Den Ausgangspunkt macht eine räumliche Setzung, das Verfahren ist das des Austauschs und der Relation: Kurator*innen aus Südost- und Ostasien haben sich in einem 2jährigen Prozess mit dem Verhältnis von Kunst und Migration befasst.
Im Mittelpunkt standen unter anderem folgende Fragen: Wer spricht wann von Migration? Was wird jeweils verhandelt? Wie steht es um das Verhältnis von Kunst und Migration? Sind das Kunstwerke über Migration, über Migrant*innen, von Migrant*innen? Ist Kunst einer der Schauplätze von Migration, als Thema, als Struktur, als Haltung?

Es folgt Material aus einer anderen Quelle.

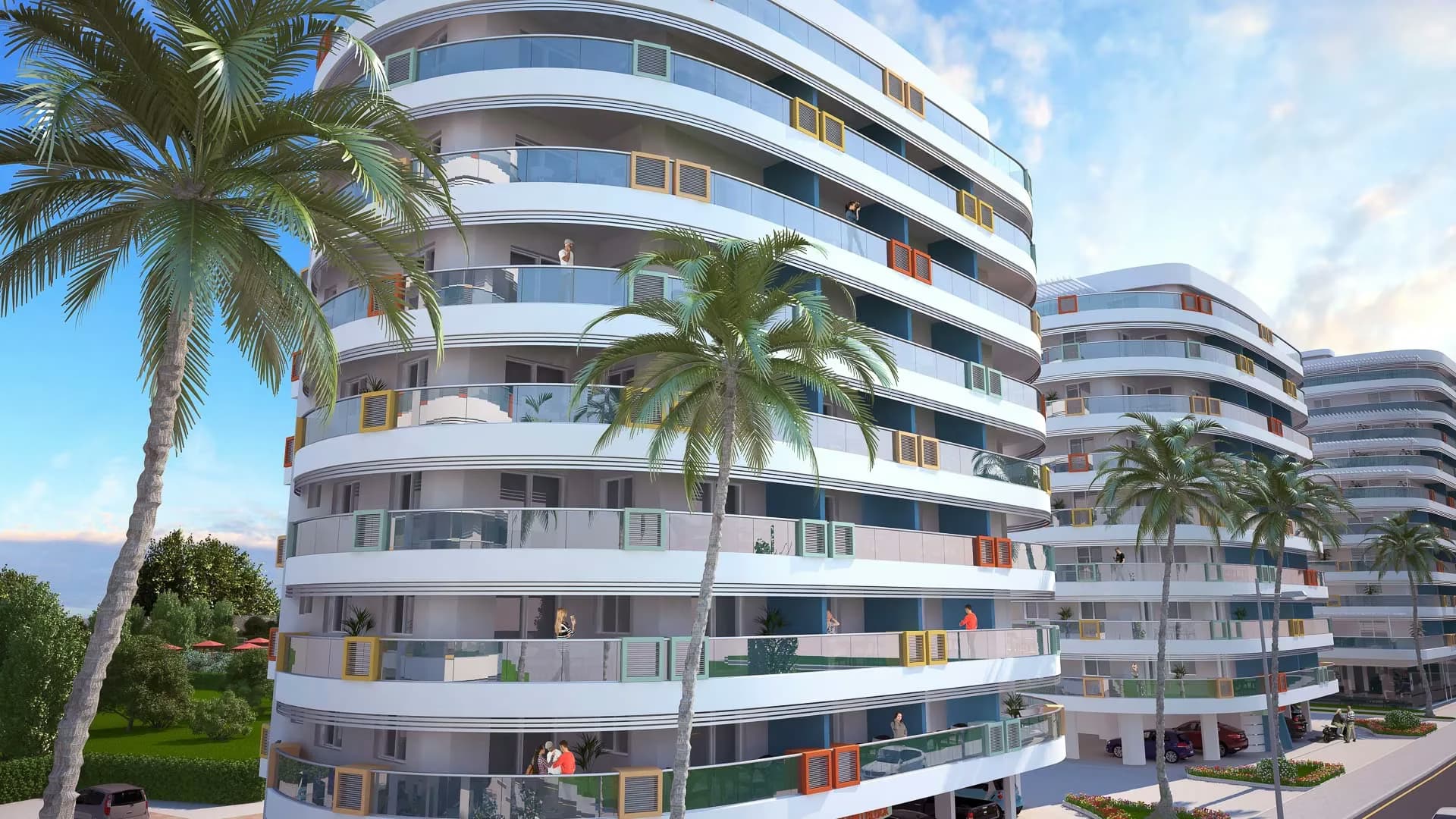 Penthouse, PARK RESIDENCE (LONG BEACH)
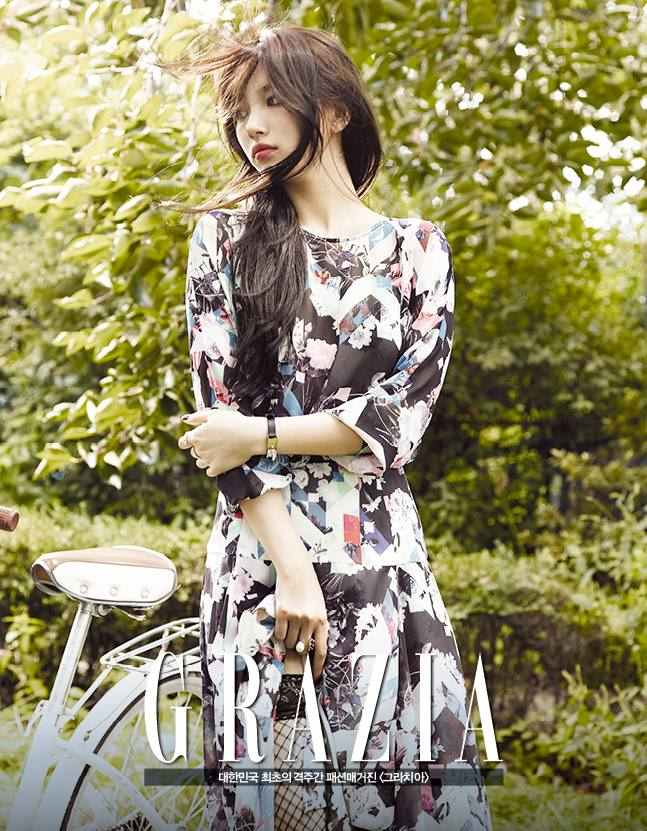 Suzy @ GRAZIA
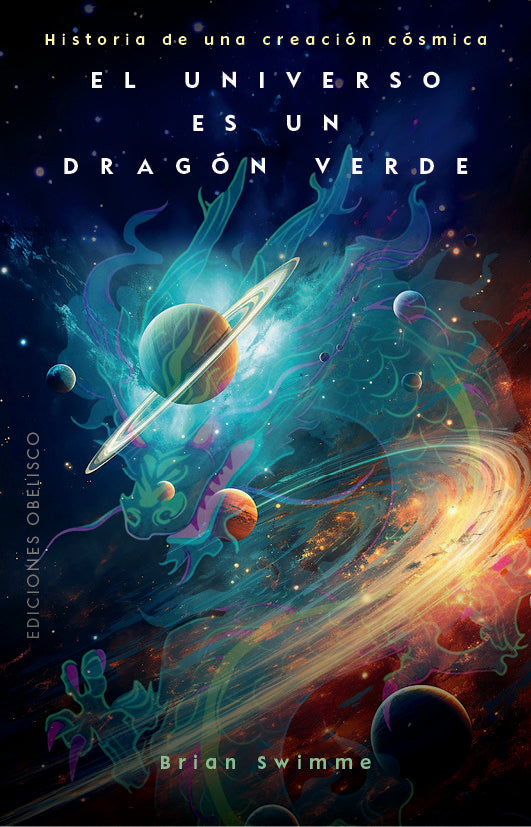EL UNIVERSO ES UN DRAGON VERDE - 9788411722018 Imagen principal del producto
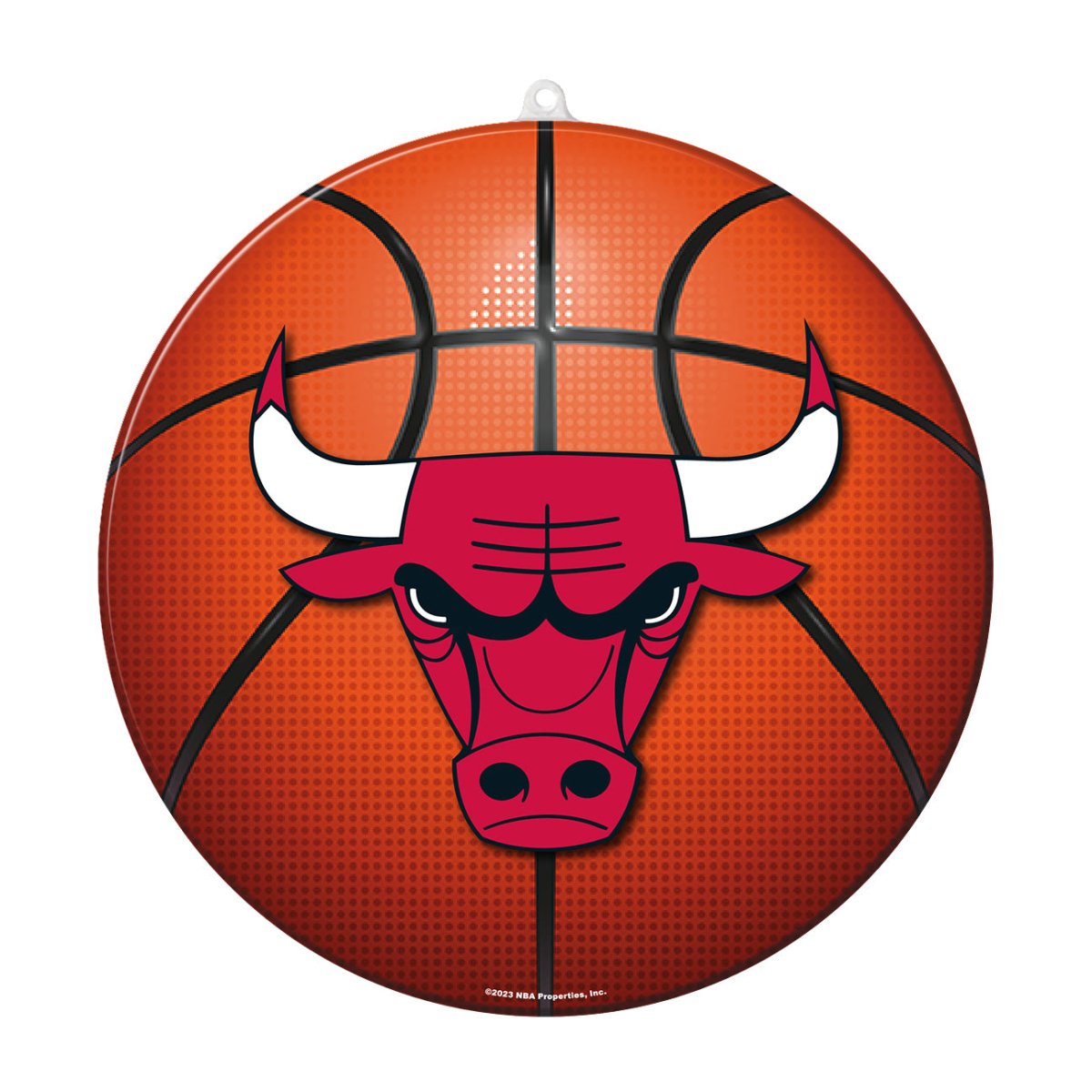 Chicago Bulls: Sun Catcher Ornament 4- Pack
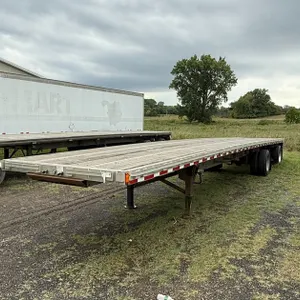 1995 Chaparral 48' Spread Axle Semi Flatbed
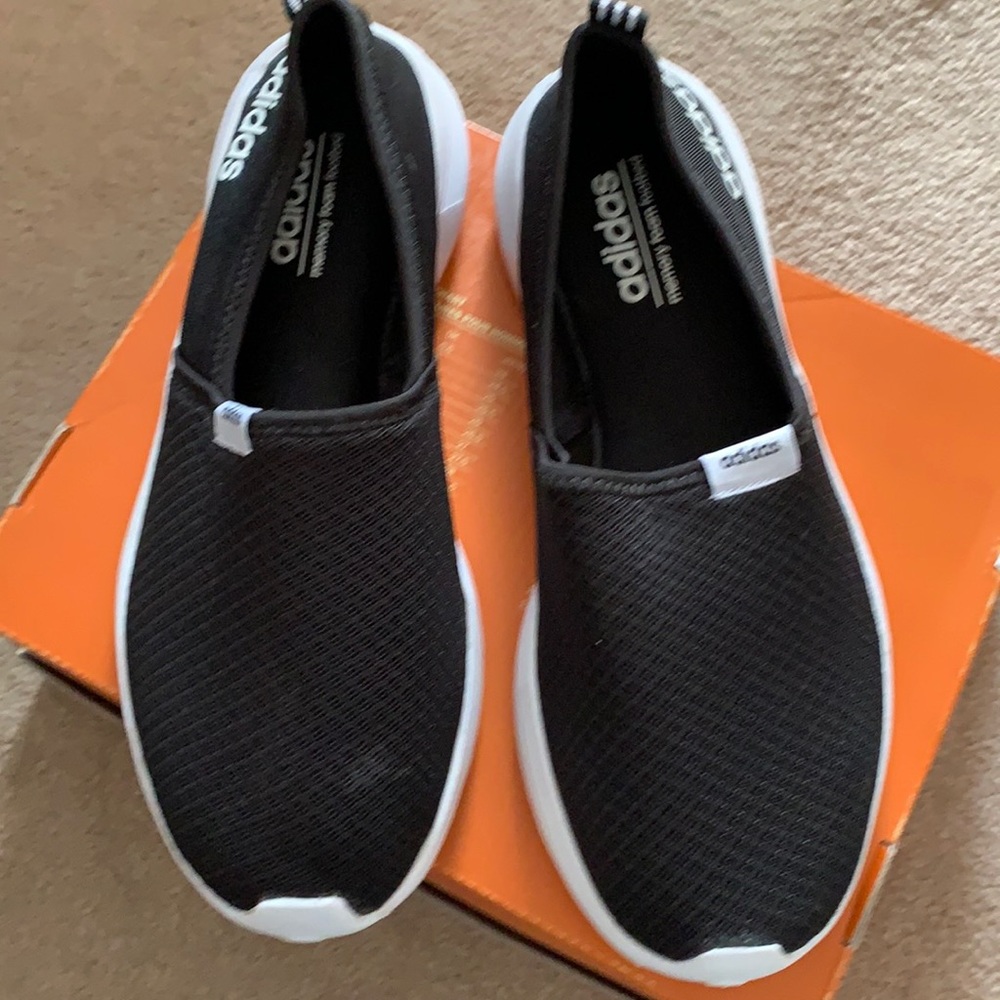 Adidas Memory Foam Slip-on Sneaker
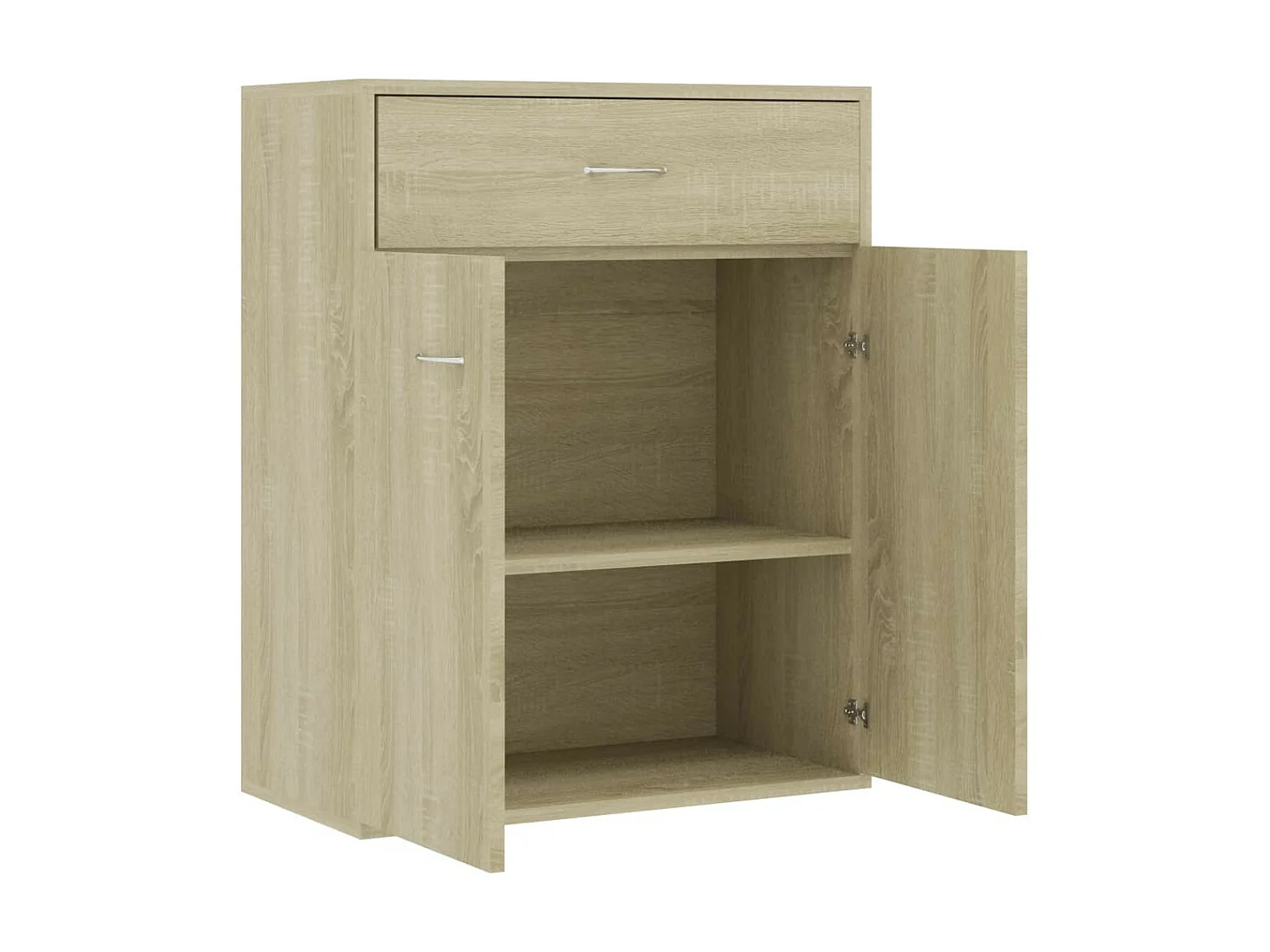 Commode Chêne sonoma 60x30x75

Ist Migration eine künstlerische oder vor allem eine kunstvolle Praxis? Bringt Migration Kunst hervor, ermöglicht Kunst Migration oder ist es nicht eher andersherum? Sind Kunst und Migration verwandt? Gibt es eine Kunst der Migration, über oder mit Migration?
Migration Narratives umfasst eine Reihe von Projekten und Stationen in Asien und versucht dabei, Verbindungslinien zu ziehen: zwischen Kunst und Migration, zwischen den beteiligten Kurator*innen, zwischen den jeweiligen Recherchen, zwischen den Orten, an und in denen Migration Narratives stattfand und noch stattfinden wird, mit Workshops, Recherchereisen, gemeinsamen Sichtungen, Studiobesuchen und Künstlergesprächen sowie Einzel- und Gruppenausstellungen.
Ausstellungen und Wortveranstaltungen in Beijing, Hongkong, Ulan Bator und Gwangju machen diesen Austausch in künstlerischen Auftragswerken und kuratorischen Beiträgen aus der Gruppe sichtbar.